2C "statements of Propositions 1 and 2"
We agree with the reviewer and we will fix this to hold for random n. As suggested in the review, the resulting bound will have an additional factor log(t^2). Since this change is common to all algorithms, high-level discussions are not affected. Proposition 1 is a direct application of Azuma's inequality.

3C "definition of the oracle"
XY-Oracle provides a first characterization of which problem-dependent quantities play an important role in defining the complexity of the problem, but N^* cannot be claimed to be the "real" complexity until a lower-bound is proved. This remains an open and challenging question (notice that even in the MAB setting this is still a partially open question). Nonetheless, besides the intuition that XY-Oracle is a good proxy for an "ideal" learning algorithm, the fact that H_LB reduces to H_MAB and that the performance of XY-Adaptive can be related to it is an evidence that N* may indeed appear in the lower bound. In fact, N* is related to the smallest number of samples needed to fit the confidence set into the optimal cone and we cannot expect any learning algorithm to be able to achieve this any faster.

4C "overall numerical complexity" and "beta-approximation"
For the greedy approximation the per-round complexity is K^2 for arm selection and d^3 for the inversion of A. The per-round complexity of the convex relaxation is roughly constant for arm selection and again d^3 for the inversion of A, while the cost of solving the convex problem depends on the specific solver (eg, gradient descent). In this sense, the computational complexity of the proposed methods is not a major concern because it is similar to standard LB algorithms (eg, LinUCB has K complexity for arm selection and d^3 for matrix inversion). The approximation error of the implementations is discussed in Lemmas 5-8 and is reported as a (1+beta) factor in the analysis of the theorems.
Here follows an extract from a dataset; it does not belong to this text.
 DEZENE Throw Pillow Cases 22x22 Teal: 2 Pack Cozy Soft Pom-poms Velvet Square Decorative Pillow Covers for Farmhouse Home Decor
5C Comparison to MAB algorithms and "choice of the setting"
When moving from MAB to LB the gain in complexity comes from moving from K to d. In our experiment, although the setting is almost a MAB, there is already a huge gap in the performance of XY-Adaptive and that of algorithms for best-arm identification in MAB (eg, Successive-Elimination(SE)). In fact, similar to XY-Adaptive, SE quickly discards all arms but x_1 and x_{d+1}. Then, while XY-Adaptive exploits the structure of the problem and pulls x_2 (thus improving the estimate of theta* along the dimension that better discriminates between x_1 and x_{d+1}), SE keeps pulling the remaining (near optimal) arms until it can confidently identify the best arm. This results in a much higher sample complexity for SE (order of 10^8 for d=2), even worse than static strategies. Also, the setting was chosen to create a big gap in the performance of XY-Oracle and the static strategies, which allowed to test how much XY-Adaptive is effective in moving from the initial static strategy to a more effective sampling strategy on "relevant" directions. This experiment provides a sanity check of the theory developed in the paper and is not intended to be a conclusive empirical evaluation of XY-Adaptive.